G_raw = nx.DiGraph()

for n in polling_station.assigned_observer.values:
    G_raw.add_node(n, node_type = 'observer')
for n in polling_station.polling_station.values:
    G_raw.add_node(n, node_type = 'poll_station')

# where to draw the nodes
pos = assigment.set_index('polling_station')['location_ps'].to_dict()
pos.update(assigment.set_index('assigned_observer')['location_obs'].to_dict())

dummy data

Optimal Allocation

Networkx is a python library for working with graphs. It’s got a tonne of algorithms already coded up for you. This includes the Karp’s matching algorithm. Let’s use that to find the optimal matching.

To create our weighted bipartite graph, we need to compute the distance between all our observers and the polling stations.

def get_distance_df(observers, polling_station):
    """
    Given a dataset of observers and polling_stations, return a matrix od
    distances between them.

    Parameters
    ----------
    observers: pd.Dataframe
        A dataframe of observers. Should have `observer` and `location` as columns
    polling_station: pd.Dataframe
        A dataframe of polling_station. Should have `polling_station` and `location` as columns

    Returns
    -------
    distance_df: pd.Dataframe
        A dataframe of distances between all observers and polling_stations

    """

    obs_idx, poll_st_idx = np.meshgrid(np.arange(observers.shape[0]), np.arange(polling_station.shape[0]))
    distance_arr = polling_station['location'].values[poll_st_idx.ravel()] - observers['location'].values[obs_idx.ravel()]
    distance_arr = np.stack(distance_arr)

    distance_df = pd.DataFrame({'distance':np.linalg.norm(distance_arr, axis=1)})
    distance_df['observer_idx'] = obs_idx.ravel()
    distance_df['observer_name'] = observers.iloc[obs_idx.ravel()]['observer'].values
    distance_df['polling_station_idx'] = poll_st_idx.ravel()
    distance_df['polling_station'] = polling_station.iloc[poll_st_idx.ravel()]['polling_station'].values

    return distance_df

Great. Now let’s build our graph using networkx.

G_full = nx.DiGraph()
G_full.add_nodes_from(G_raw.nodes(data=True))
for x in distance_df[['polling_station', 'observer_name', 'distance']].itertuples(index = False, name=None):
    G_full.add_edge(x[1], x[0], distance = x[2])

We have added an edge between every polling station and observer. No we can use networkx to solve the matching problem and give us the ones that minimise total distance:

from networkx.algorithms.bipartite.matching import minimum_weight_full_matching

observer_nodes, _ = nx.bipartite.sets(G_full)
optimal_matching = minimum_weight_full_matching(G_full, top_nodes = observer_nodes, weight='distance')

G_optimal = nx.DiGraph()
G_optimal.add_nodes_from(G_raw.nodes(data=True))
G_optimal.add_edges_from(zip(optimal_matching.keys(),optimal_matching.values()), edge_type = 'allocated')

f = draw_allocation(G_optimal, pos, i="")

draw_allocation just renders the graph.
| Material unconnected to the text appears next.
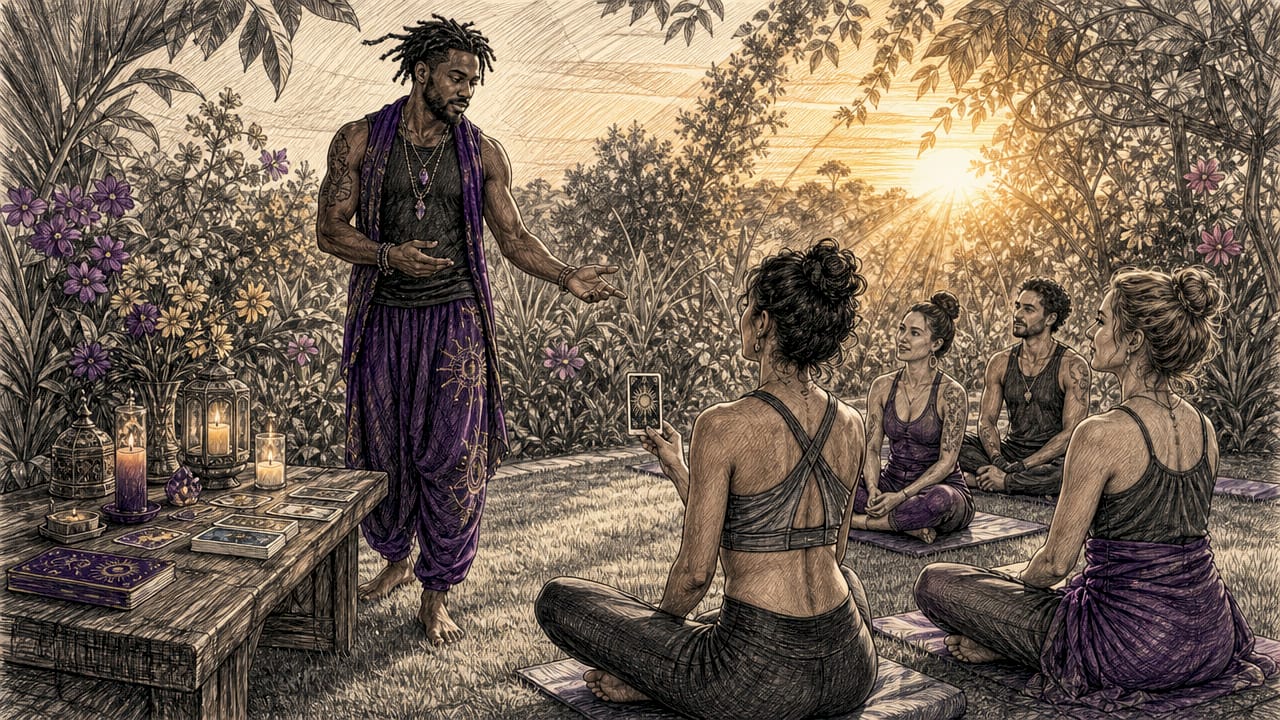 Yoga instructor leading tarot card intention session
Check out the notebook. if you really want to know how it does that. Here’s our optimal match:

Other use cases

Pretty easy eh? There are a bunch of cases where something like this comes handy. An obvious one may be where the weight on the edges isn’t geographic distance but rather reward. You have a team of workers skilled in different things, how do you assign them to tasks to maximise reward?

Another use-case is if you are doing some sort of entity matching. You have a list of names that you want to match with another (possibly larger) list of names. You can use some metric to calculate the “distance” from each name in list 1 to every name in list 2. Setup your network with this distance as edge weights and solve for the optimal match.

Pareto-optimal reallocation

Say you have already done your allocation and you made a real hash of it because, you know, you did it in excel.

raw assignment

Your observers are already annoyed at you and if you make any of their travel even longer, they are sure to cancel. So we need an algorithm that makes everyone only better off and never worse. We want a Pareto improving re-allocation. The top-trading cycle, or the “House exchange” algorithm as I was taught, gives us exactly that. Here’s the algorithm from wikipedia with some minor alterations:

Get each observer’s “top” (most preferred) polling station. In our case, this will be the polling station closest to the observer.
Add an edge from each observer to their top choice of polling station.
Note that there must be at least one cycle in the graph (this might be a cycle of length 2, if some observer currently holds their own top polling station). Implement the trade indicated by this cycle (i.e., reallocate each polling station to the observer pointing to it), and remove all the involved observers and polling stations from the graph.
If there are remaining observers, go back to step 1.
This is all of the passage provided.